I like the wireless and use it a lot. For some it's a vital link to the rest of the world, but Bumble and Roshan apart Talksport 2 at the cricket is shitshow radio double dipped in hyperbole. Gareth Batty is clearly receiving payments from Aldous Huxley as every punditry stint begins with "It's a brave new world for this England side" and Darren Gough's "that's what they always sometimes say" requires some deciphering. Not for the first time this week I find myself muttering "how did it come to this?
I hear they will be also be covering the winter tour of the West Indies.
It could be a long winter, live on Talk Sport 2.
Over on Sky TV, Ernst Vettori's lad - Daniel, is a bit of a find. Breaking free from the shackles of several generations of ski jumpers, he became quite the off spin bowler. He is now a wry and insightful pundit.
Sign him up TMS, sign him up, and please don't ever allow Talk Sport 2 (the new home of cricket, apparently), cover Test cricket ever again.
Once again, how did it come to this?
Back on the river, we've the first few fish kicking up redds. Not where they normally disturb the gravels, but redds all the same.
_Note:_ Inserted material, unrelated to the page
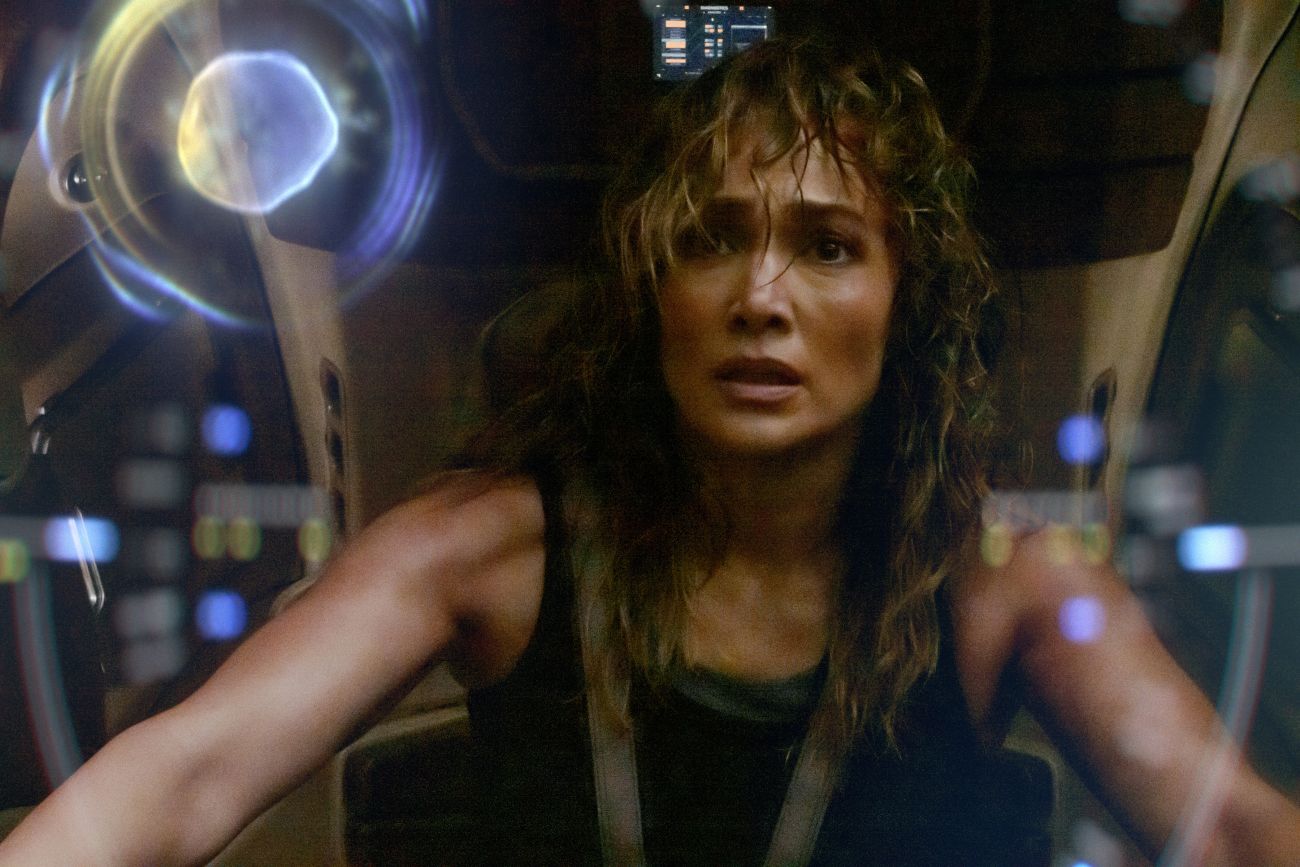 Atlas. Jennifer Lopez as Atlas. Cr. Ana CarballosaNetflix ©2023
Last week we were drawn to the smoke.
Not Maisie & Callum's new wood burner and freshly lined chimney, we're off over there this weekend, but William & Rosie's flat in Camden.
Chucked out of Oz on grounds of immigration, he is now employed as a planner with the authority charged with the ongoing development of the London Olympic Park and its environs.
Their flat sits a couple of minutes walk from the fleshpots and bazaars of Camden Lock. It's a great place to be for a couple at their time of life and we had a superb meal in a Greek restaurant somewhere on the other side of a hill.